Group leader : B. Habermann

The Computational Biology group adresses biological problems using computational methods. We have two major research directions:

  1. we are interested in large-scale data integration, focusing on mitochondrial function in development and disease
  2. we are developing methods to work with remote sequence similarities, with the focus on de novo prediction of short, functional motifs in proteins.

PUBLIC SUMMARY

Computer-driven analysis has complemented biological research for a long time. With the beginning of sequencing and deciphering the genetic code, methods were developed that help analyze this data. The sequencing of parts of or entire genomes has for instance enabled us to establish a fine-tuned view on the evolution of species.
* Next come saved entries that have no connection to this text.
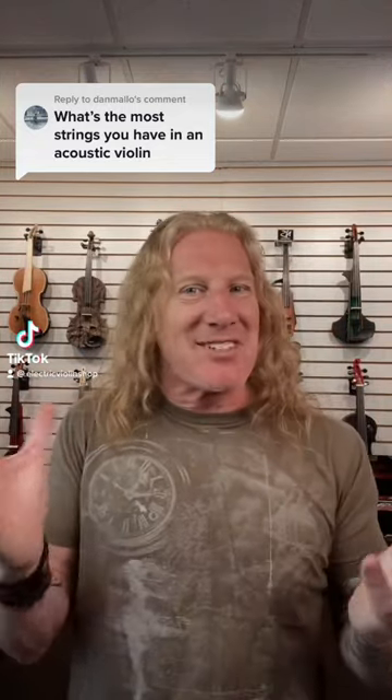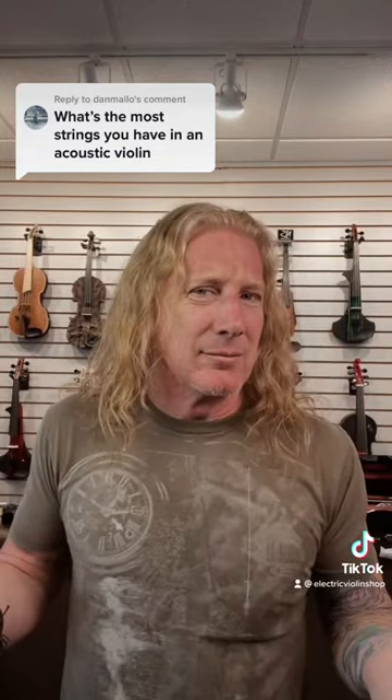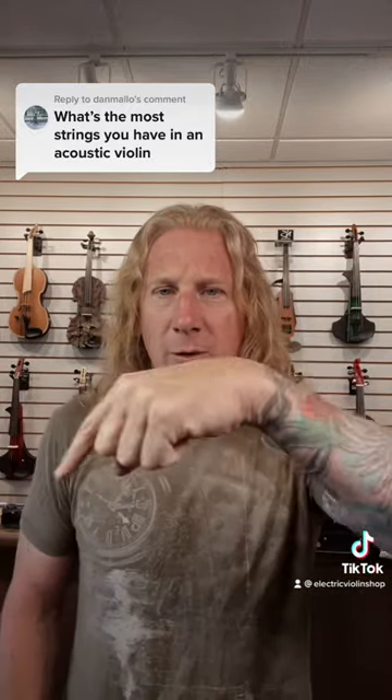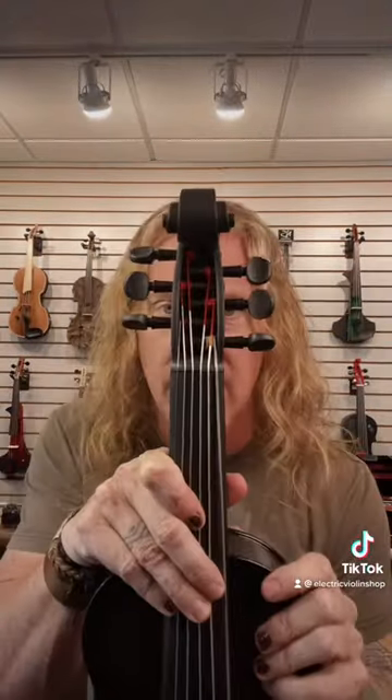Like a lot of relationships, it's complicated. First, we don't carry any purely acoustic instruments. Seward says Electric Violin Shop — we only carry electrics. That being said, there are some electrics that also function as acoustics. They're called acoustic-electrics, and the one we carry with the most strings is this one.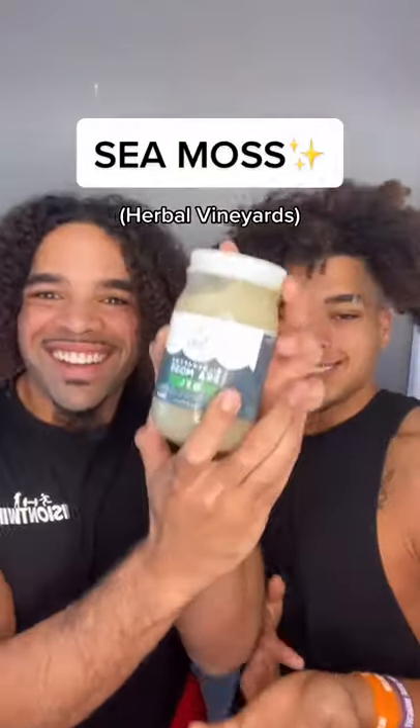Everybody always asks us how we have such healthy and curly hair. Well, here's one product that we use to stay on top, and it's called CMOS.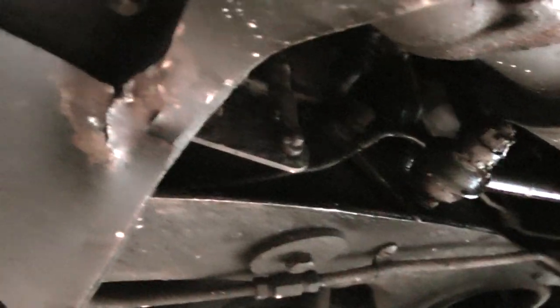Here's something that you would see on a frame machine. Then again, it is 64 years old, so there's no telling what happened.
In recent years, large-scale screens and next generation sequencing is generating a tremendous amount of data, which cannot be analyzed – or understood – without the help of computational techniques. Our lab is working in computer-assisted analysis of biological data.

FOR SCIENTISTS

The Computational Biology group is actively involved in two main research directions: the integration of large-scale data and working with remote protein sequence similarities.

Research interest 1: Integration of large-scale data

We work on the integration of large-scale data from different sources to extract meaningful biological information. We use mostly NGS-data, integrating differential expression with ChIP-seq or interactome data to provide biologists with testable hypothesis for further experimental studies. To this end, we develop data integration methods that are easy to use for non-experts.

To show feasibility of our methods, we have chosen the mitochondrial system, as it represents the central organelle for metabolic functions and energy production in the cell. It is experimentally very well characterized in terms of protein content and enzymatic pathways. Therefore, it enables us to look at changes in mitochondrial function in differing cellular conditions.

MitoXplorer: understanding mitochondrial function in health and disease

We are developing the MitoXplorer platform, an integrative web-tool to integrate large-scale expression and mutation data with the mitochondrial interactome and mitochondrial processes. Using specialized pipelines for NGS-data analysis, we extract mutation and expression data for all proteins localized to mitochondria and having mitochondrial function, irrespective of their genomic localization (mitochondrial or nuclear genome). We integrate expression and mutation data with a manually assembled and curated mitochondrial interactome and visualize observed changes in different experimental or disease conditions. This enables us to rapidly and visually compare different data-sets with respect to their mitochondrial functions.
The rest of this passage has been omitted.